With fall finally getting its grasp on us, I want nothing more than to relax on gloomy days and warm up with a bowl of soup. When I'm not too exhausted, I like to make my own soups from scratch. I found a recipe a while ago for lasagna soup but never got around to making it. It actually ended up in a pile in my closet of old recipes I wanted to test out but never did. While at the store the other day I found these:
Most people would look at these noodles and wonder what to do with them. My mind went straight to lasagna soup! These noodles could not be more perfect or easier to use. Lasagna soup recipes call for, well, lasagna noodles. You can't cook the entire noodle though, it needs to be broken up and then put in the soup. These noodles on the other hand are already broken and require no work other than tossing them in the pot.
My plan was to make this soup for dinner but I got anxious and made it for lunch instead...then ate more again for dinner. I'm sure you will understand my impatience just by looking at the ingredients.
Lasagna Soup
Yield: 6-8 servings
- 2 teaspoons olive oil
- 1 lb Italian pork and chicken sausage, casings removed
- 1 yellow onion, chopped
- 1 green pepper, chopped
- 3 cloves garlic, minced
- 1 (32-ounce) container reduced sodium chicken broth
- 1 (15-ounce) can tomato sauce
- 1 (14.5 ounce) can no salt added petite diced tomatoes
- 1/2 teaspoon salt
- 1/2 teaspoon dried basil
- 8 ounces Pantacce pasta
- 3 tablespoons fresh grated Parmesan
- Reduced-fat shredded mozzarella cheese
Heat oil over medium-high heat in a large nonstick Dutch oven. Add sausage (breaking it up into small pieces with your hands), onion, pepper, and garlic. Cook until sausage is browned and onions are translucent (8 minutes).

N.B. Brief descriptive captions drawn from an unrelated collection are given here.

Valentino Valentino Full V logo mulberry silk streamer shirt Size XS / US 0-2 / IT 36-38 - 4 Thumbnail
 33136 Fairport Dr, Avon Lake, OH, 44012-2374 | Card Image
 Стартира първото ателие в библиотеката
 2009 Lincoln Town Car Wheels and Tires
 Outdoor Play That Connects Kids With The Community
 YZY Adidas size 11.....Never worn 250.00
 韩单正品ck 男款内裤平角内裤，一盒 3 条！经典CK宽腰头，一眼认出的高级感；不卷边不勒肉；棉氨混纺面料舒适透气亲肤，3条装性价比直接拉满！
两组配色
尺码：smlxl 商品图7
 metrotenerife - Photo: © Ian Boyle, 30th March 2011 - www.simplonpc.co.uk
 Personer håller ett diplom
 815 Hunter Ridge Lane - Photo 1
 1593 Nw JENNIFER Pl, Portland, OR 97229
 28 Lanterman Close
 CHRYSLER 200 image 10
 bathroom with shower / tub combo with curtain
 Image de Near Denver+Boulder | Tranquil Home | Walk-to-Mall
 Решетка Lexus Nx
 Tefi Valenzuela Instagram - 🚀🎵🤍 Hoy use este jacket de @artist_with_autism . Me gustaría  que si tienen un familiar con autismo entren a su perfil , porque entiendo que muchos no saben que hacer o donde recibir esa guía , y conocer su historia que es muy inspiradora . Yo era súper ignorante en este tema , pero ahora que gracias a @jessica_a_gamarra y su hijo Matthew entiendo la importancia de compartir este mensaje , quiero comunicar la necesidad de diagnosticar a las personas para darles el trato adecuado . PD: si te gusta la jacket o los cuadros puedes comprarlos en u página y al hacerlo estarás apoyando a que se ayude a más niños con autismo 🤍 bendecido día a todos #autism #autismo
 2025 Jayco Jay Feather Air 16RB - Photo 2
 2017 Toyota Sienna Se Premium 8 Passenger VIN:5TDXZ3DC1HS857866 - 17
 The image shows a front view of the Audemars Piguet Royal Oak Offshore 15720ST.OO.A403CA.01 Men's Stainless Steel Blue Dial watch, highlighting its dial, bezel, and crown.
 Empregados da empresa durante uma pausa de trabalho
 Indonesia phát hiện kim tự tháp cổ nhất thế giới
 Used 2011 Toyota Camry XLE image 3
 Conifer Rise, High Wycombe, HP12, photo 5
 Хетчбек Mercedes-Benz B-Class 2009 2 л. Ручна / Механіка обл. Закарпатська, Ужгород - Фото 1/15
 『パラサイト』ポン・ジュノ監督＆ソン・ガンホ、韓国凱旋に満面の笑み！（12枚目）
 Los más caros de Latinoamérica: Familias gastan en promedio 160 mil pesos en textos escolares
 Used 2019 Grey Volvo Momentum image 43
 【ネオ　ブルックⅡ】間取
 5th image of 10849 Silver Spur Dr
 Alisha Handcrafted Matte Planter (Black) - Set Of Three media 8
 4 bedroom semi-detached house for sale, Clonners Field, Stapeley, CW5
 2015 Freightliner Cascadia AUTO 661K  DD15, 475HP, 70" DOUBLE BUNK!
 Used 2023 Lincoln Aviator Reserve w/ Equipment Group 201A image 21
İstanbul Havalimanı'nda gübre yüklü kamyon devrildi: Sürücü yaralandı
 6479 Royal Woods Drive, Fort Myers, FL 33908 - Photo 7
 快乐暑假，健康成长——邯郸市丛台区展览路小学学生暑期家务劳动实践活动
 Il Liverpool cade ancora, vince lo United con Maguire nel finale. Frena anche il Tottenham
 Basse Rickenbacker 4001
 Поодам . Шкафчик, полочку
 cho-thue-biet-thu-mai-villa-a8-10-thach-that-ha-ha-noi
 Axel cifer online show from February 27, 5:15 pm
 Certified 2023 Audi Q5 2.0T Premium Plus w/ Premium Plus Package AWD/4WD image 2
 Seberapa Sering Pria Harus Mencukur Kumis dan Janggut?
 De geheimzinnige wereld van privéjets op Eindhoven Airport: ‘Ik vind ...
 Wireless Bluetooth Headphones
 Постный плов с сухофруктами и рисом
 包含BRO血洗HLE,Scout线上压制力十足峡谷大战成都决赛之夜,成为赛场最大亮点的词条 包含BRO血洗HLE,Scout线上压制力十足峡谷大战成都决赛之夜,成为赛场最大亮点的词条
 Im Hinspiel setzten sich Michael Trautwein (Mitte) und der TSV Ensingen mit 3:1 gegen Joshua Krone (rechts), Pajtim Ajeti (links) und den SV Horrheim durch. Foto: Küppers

Add chicken broth, tomato sauce, diced tomatoes, salt, and basil. Bring to a boil. Reduce heat to low and simmer, stirring occasionally, for 20 minutes. Add noodles and bring back to a boil. Reduce heat to low and simmer until noodles are cooked through (10-12 minutes). Remove from heat and stir in Parmesan cheese. Top with mozzarella cheese and serve with toasted French bread.